§ **MATERIAL FOR THIS TASK**:
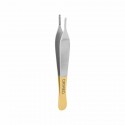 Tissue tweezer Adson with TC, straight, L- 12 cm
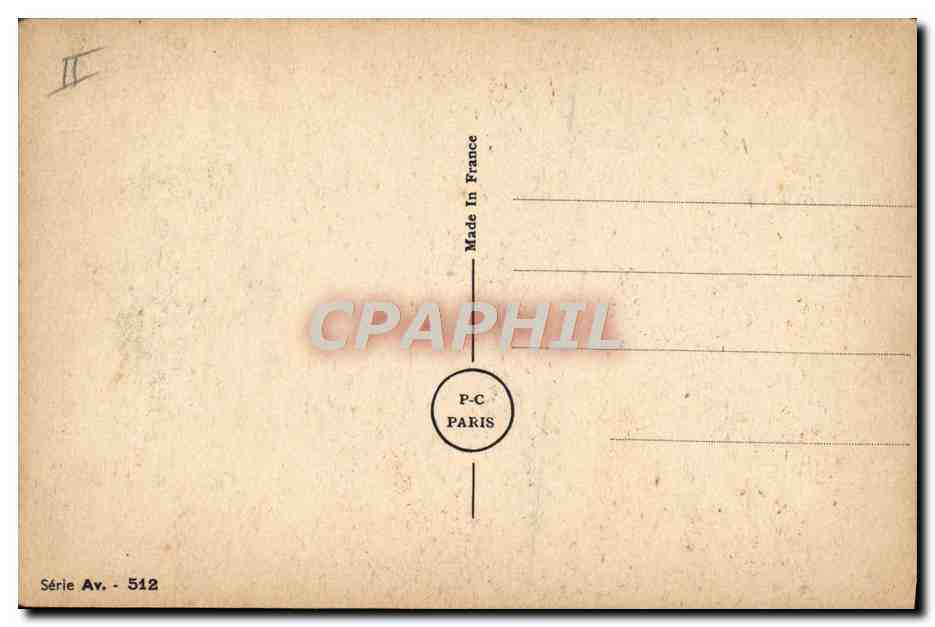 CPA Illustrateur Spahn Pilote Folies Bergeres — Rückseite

* * *

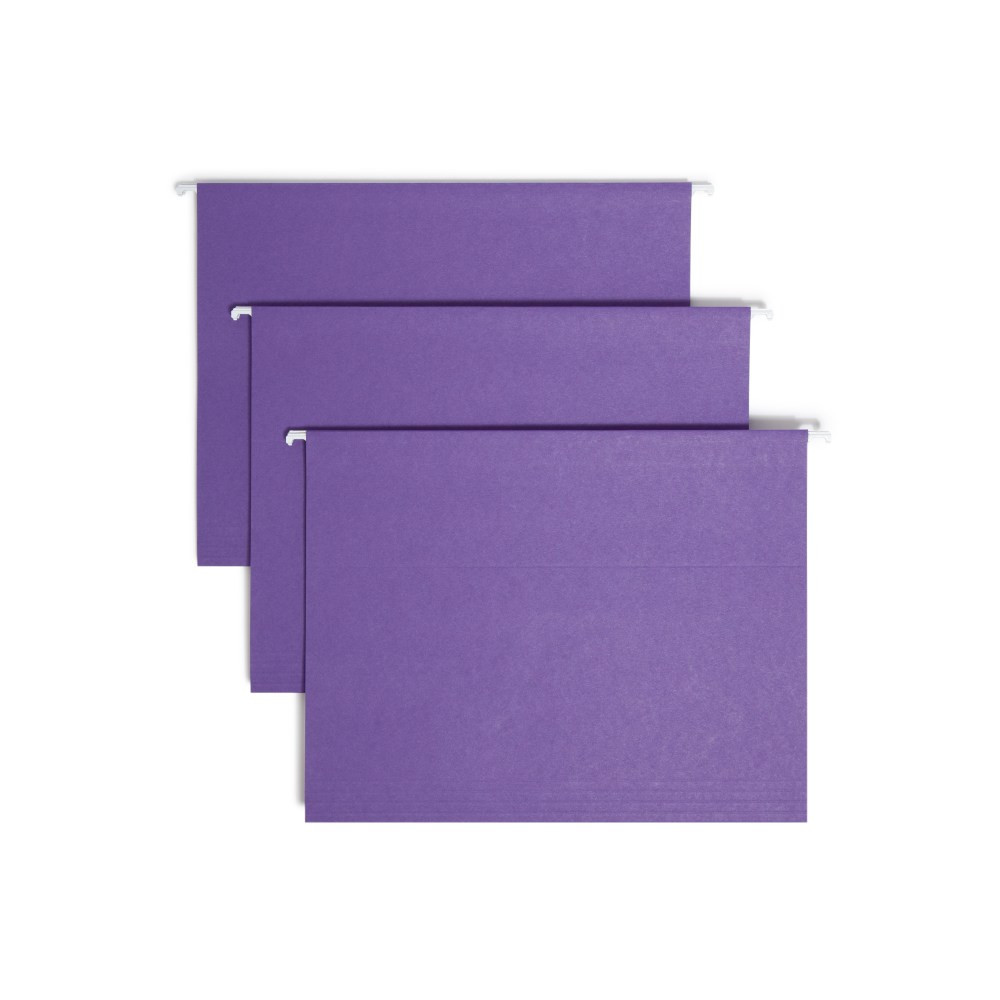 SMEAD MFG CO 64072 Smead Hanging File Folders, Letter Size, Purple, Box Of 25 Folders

§ **EXERCISE BRIEF**:
Out of the records above, return only the lines from the one with "Tissue tweezer Adson" through the one with "CPA Illustrateur Spahn", exactly, and none of the pictures.

§ **SOLUTION TO THIS TASK**:
 Tissue tweezer Adson with TC, straight, L- 12 cm
 CPA Illustrateur Spahn Pilote Folies Bergeres — Rückseite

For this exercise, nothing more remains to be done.